#### TASK STATEMENT:
Only an exact copy is wanted: the lines from the one holding "Общинската библиотека в" through the last line below, minus the pictures.

#### MATERIAL SHOWN:
<<<<
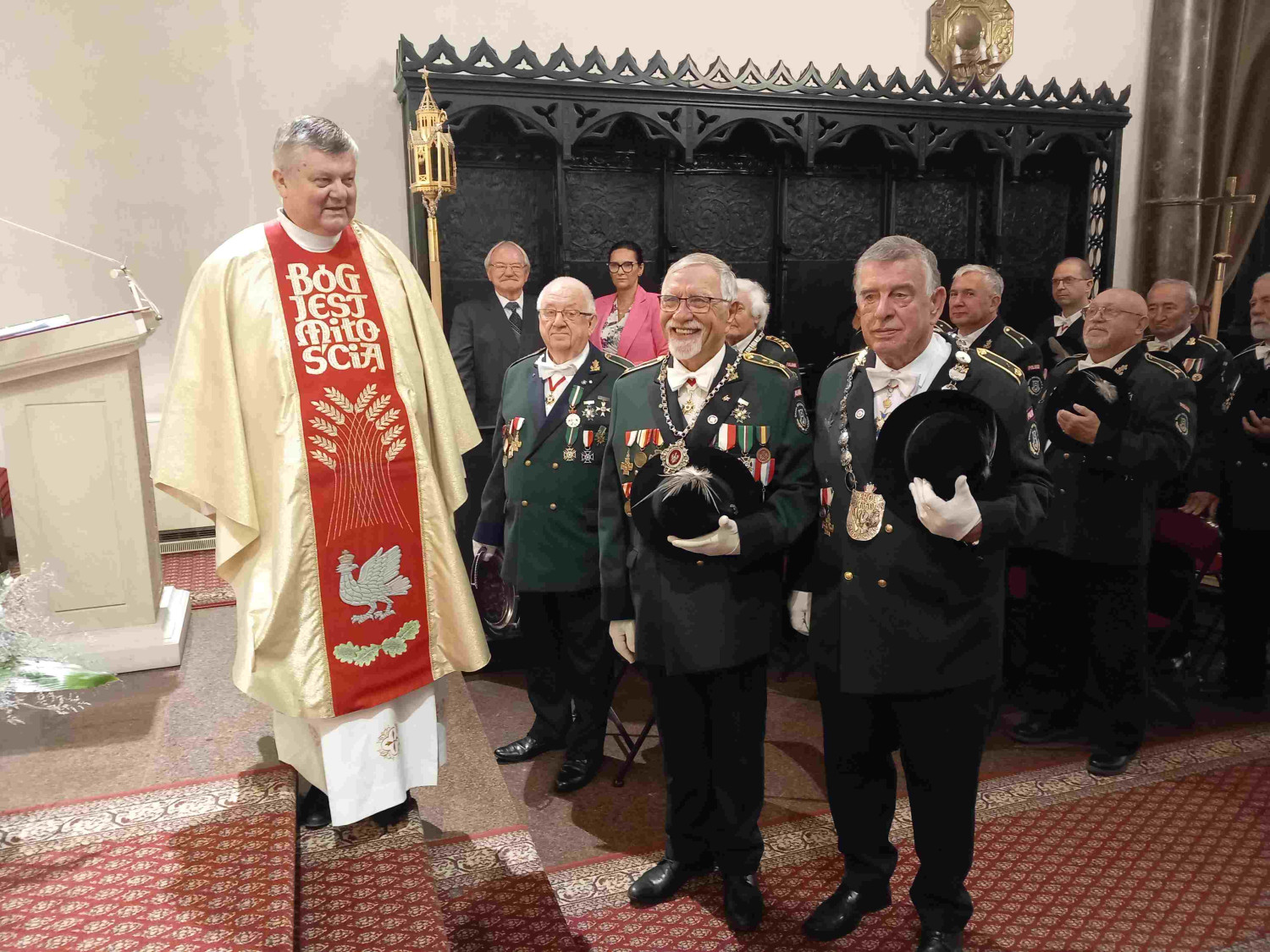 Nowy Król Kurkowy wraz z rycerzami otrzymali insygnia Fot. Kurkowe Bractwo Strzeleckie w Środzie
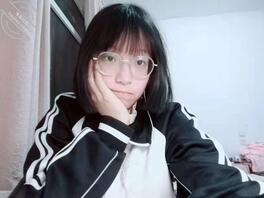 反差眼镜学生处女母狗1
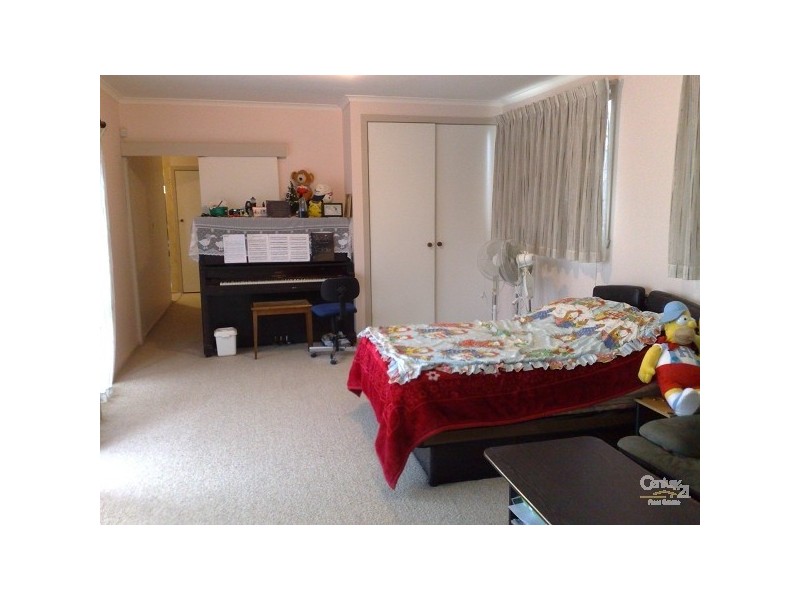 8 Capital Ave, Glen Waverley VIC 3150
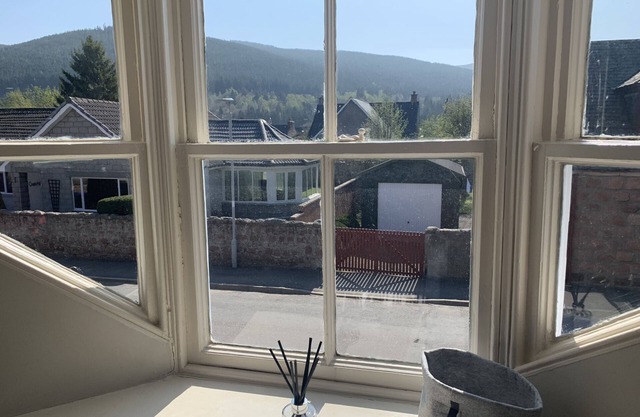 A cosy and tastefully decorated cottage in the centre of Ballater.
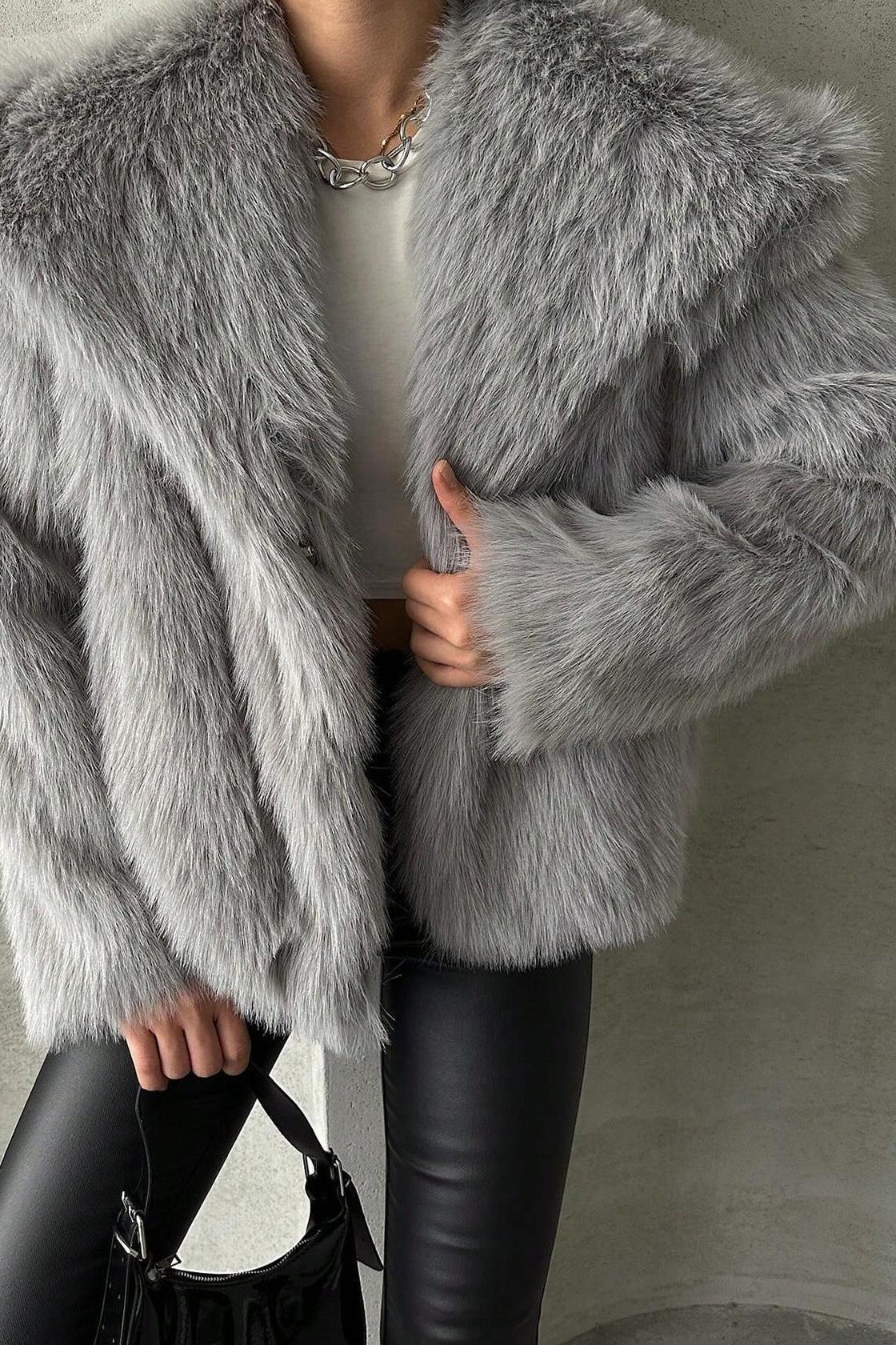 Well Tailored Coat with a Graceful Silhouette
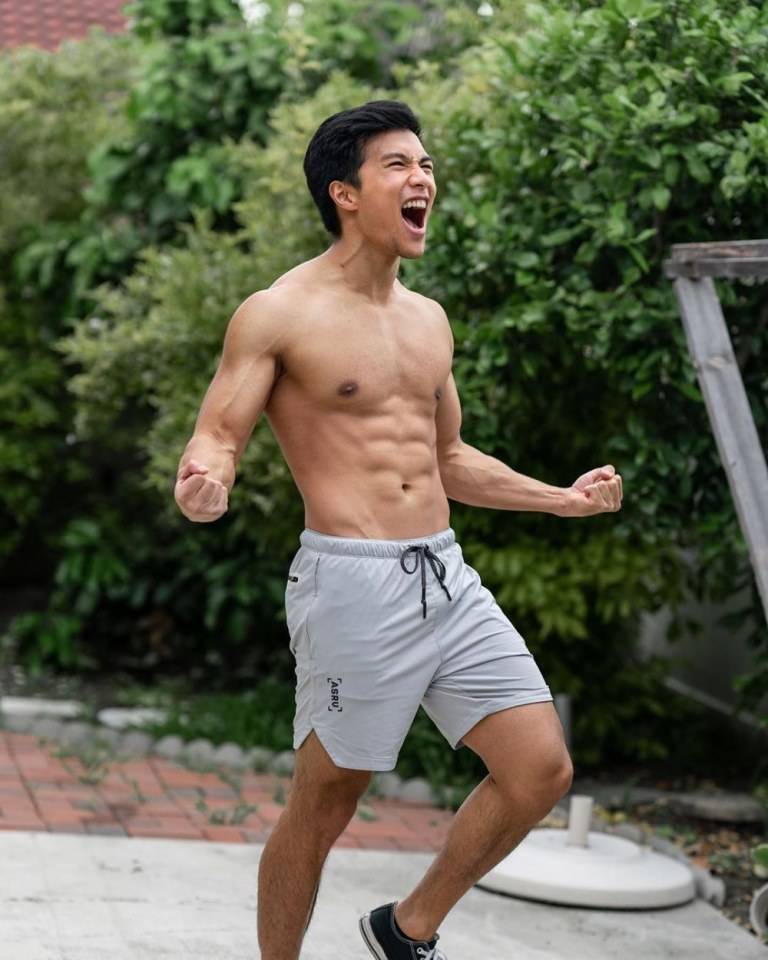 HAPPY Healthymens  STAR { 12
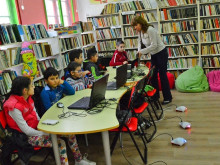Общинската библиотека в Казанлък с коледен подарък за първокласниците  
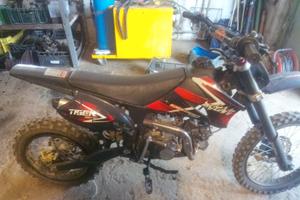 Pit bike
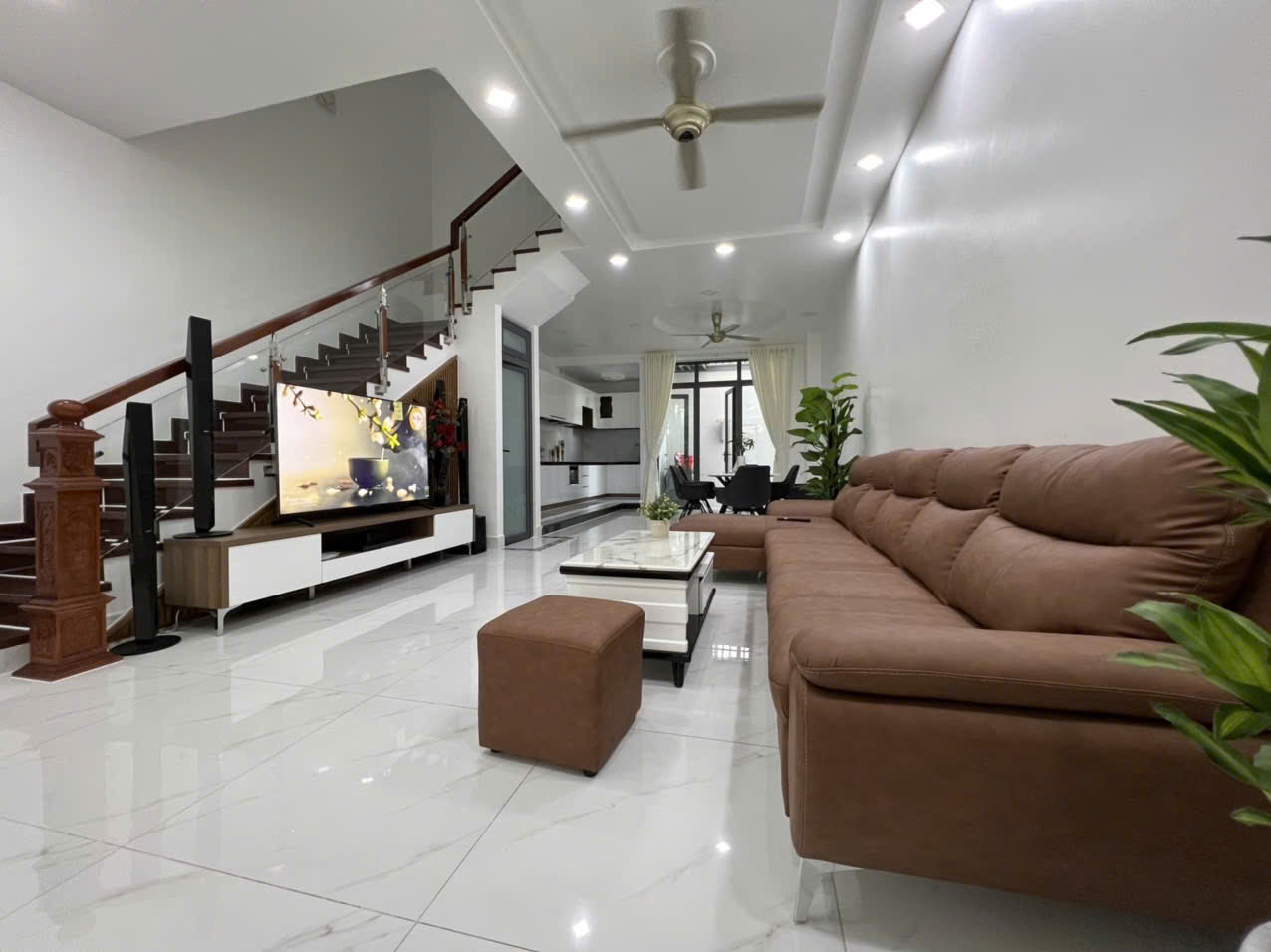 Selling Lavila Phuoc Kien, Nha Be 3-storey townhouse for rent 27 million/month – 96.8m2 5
>>>>
#### RESPONSE BELOW:
Общинската библиотека в Казанлък с коледен подарък за първокласниците  
 Pit bike
 Selling Lavila Phuoc Kien, Nha Be 3-storey townhouse for rent 27 million/month – 96.8m2 5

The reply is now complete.